The so-called border protection regime will be a key plank. It's been set up to keep out those unfortunate people who will bear the brunt of the climate emergency, just as surely as it has been used to punish those fleeing war and persecution. Make no mistake: in the coming decades, unless we change our ways, this offshore detention regime and the boat turnbacks will be used ruthlessly against climate refugees. Those who are white, wealthy and permanent citizens of this country will be kept on one side of the fence, or the moat, and those who are not will be forcibly kept out. We are being marched down the road to a new form of eco-fascism—or, if you like, eco-barbarism.

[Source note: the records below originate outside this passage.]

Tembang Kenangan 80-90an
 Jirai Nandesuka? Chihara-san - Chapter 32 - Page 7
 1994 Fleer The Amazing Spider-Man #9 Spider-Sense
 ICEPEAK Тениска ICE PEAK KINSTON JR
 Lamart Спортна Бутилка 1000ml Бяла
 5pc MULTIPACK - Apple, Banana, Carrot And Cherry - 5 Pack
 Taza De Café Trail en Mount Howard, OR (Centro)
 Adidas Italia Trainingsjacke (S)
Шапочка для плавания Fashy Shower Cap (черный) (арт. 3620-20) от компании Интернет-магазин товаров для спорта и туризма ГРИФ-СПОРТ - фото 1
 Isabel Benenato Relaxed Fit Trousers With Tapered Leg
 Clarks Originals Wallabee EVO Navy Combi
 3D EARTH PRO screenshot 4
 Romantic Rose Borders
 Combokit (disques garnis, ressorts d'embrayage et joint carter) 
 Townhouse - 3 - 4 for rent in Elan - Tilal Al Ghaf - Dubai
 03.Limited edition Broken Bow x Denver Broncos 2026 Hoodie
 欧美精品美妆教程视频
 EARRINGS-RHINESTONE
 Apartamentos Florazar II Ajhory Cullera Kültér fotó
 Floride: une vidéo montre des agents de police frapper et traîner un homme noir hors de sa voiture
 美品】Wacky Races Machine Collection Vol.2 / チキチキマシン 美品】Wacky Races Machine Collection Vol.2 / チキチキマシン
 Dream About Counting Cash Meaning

But there is another way. We have to dismantle the systems of oppression and of capital accumulation that are causing so much damage to our planet and its people. The climate movement that we are seeing around the world, including Extinction Rebellion, carries within it the seeds of hope for our future, because young people are not scared of big ideas, and more and more we are seeing middle-aged and older people joining—and power to their collective arms. People on the streets don't want to be there. They feel that they have to be there. They are there because they see more clearly than most in this place the fundamental injustice of climate change, and they have the willingness, the capacity and the ability to fight back. And I make a personal commitment that the Greens and I personally will stand with them in their fight.